A similar – and successful – safeguarding of the mining industry’s bottom line earned Cortez Masto a small assist from the industry in the rurals during her 2022 reelection campaign. 

Arizona independent Sen. Kyrsten Sinema is also a co-sponsor, so between her, both Nevada senators, and all Republicans, it’s conceivable the bill could pass the narrowly divided Senate. If Democratic Senate Majority Leader Chuck Schumer lets it come up.

Mining corporations and the politicians who love them have been urgently stressing how vital their industry is to national security. That emphasis, almost always accompanied by saying “China” a few times, helps put the “critical” in “critical minerals.”

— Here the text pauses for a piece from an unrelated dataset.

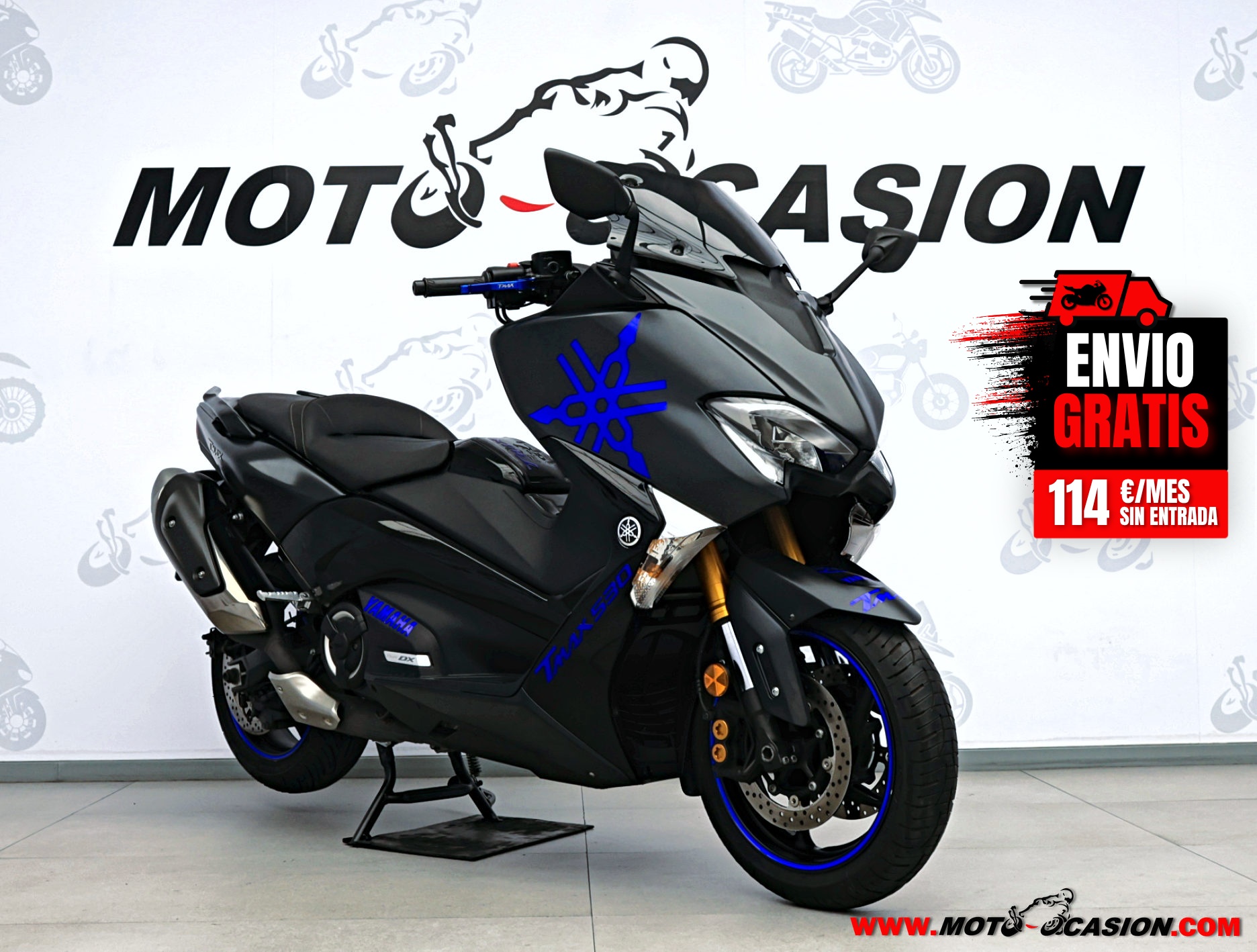 YAMAHA T-MAX 530 DX -APTA A2-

After House passage of his bill this week, Amodei didn’t disappoint. “Securing our domestic mineral supply chain is not only critical to our nation’s economic success, but to our national security,” he said.

When touting the Senate version of the legislation last year, Cortez Masto said “we must produce minerals in the United States and not solely rely on foreign sources, some of whom threaten our national security…All of this means we must address the complications created by the Rosemont decision.”

And on multiple occasions, Cortez Masto has warned that the Rosemont decision will “upend” the mining industry.

Evidence suggests otherwise: The same mineral deposits at the heart of the terrible horrible no good very bad Rosemont decision – the example Cortez Masto refers to when she says the decision will “upend” mining – are included in an Arizona mining complex currently being developed by the same Canadian corporation that was developing the Rosemont mine. Except now the project is bigger. And instead of Rosemont, it’s called “Copper World.”

If enacted, the Amodei-Cortez Masto legislative effort to reverse the Rosemont decision, like a call from Cortez Masto and Rosen to allow lithium mining corporations to get tax credits against extraction costs, may help Nevada’s nascent lithium industry and other newly developing “critical mineral” mines save a buck or two and pass those savings on to shareholders the world over.

But whether the Rosemont decision is left intact will have no impact whatsoever on the certainty or scale of future mineral production. That will be determined by the price of the mineral. Period.

That doesn’t mean the legislation is meaningless. 

It could potentially enhance returns for mining corporation shareholders. 

It could provide Rosen yet another opportunity to make a campaign ad celebrating how much she loves to stand up to Democrats and vote with Republicans.

It confirms yet again that there is a contingent of Nevada Democratic politicians who believe Nevada should remain a mining colony.

And, most consequentially, it would assure massive hills of mining waste where they don’t belong, on public lands that aren’t even being mined, doing what massive hills of mining waste always do: contaminating soil, water, and air, far into the foreseeable future.